Closed robsimmons closed 11 years ago

robsimmons commented 11 years ago

A couple of enhancements to the bytecode compiler would make it more student friendly:

frankpfenning commented 11 years ago

I rewrote the bytecode compiler to directly use comparisons for conditionals and loops (bullet1).

Also, as in bullet2, cc0 -b will now generate negative small constants in the instruction stream, as argument to bipush. Not sure what "(negative) integer store variables" means.

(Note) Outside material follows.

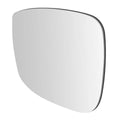 Left Powered Side Mirror Glass for Mazda CX-5, CX-9 (2016–2020)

I stuck to the design principle that code be layed out in the order in which it occurs in the source, and I was therefore reluctant to rotate loops. This means goto's can have a negative offset, but never conditionals. A rotated loop:

while (e) s;

goto loop: body: code for s loop: code for e if (true) goto body exit:

would be very easy to do, but invert e and s. Currently, the compiler produces:

loop: code for e if (true) goto body goto exit: body: code for s goto loop exit:

Thoughts?

Conditionals will always generate forward branches (conditional or unconditional).

robsimmons commented 11 years ago

Negative integer store variables meant storing -12512 instead of 12512 in the constant pool when "-12512" appears in the program - the only way to get negative values in the constant pool is to use 0x8####### notation.

What we have here seems sufficiently awesome: we can still do some by-hand tests to test negative conditional jumps and positive gotos, but all were checking for in that case is that students either abstracted correctly or cut-and-pasted consistently.

robsimmons commented 11 years ago

(Oh, we already have positive gotos.) Anyway, I like what the compiler currently produces, and the extra signed offsets are a nice touch. I'm happy closing at this point.

frankpfenning commented 11 years ago

Just to clarify, I added the "negative integer store variables" in this pass. If you write x = -129, it will add the number -129 (0x FF FF FF 7F) to the constant pool. If you write x = -128, it will bipush -128 (0x80).

robsimmons commented 11 years ago

Ok. Sorry for using a wrong and ambiguous word, I was kind of free-associating there.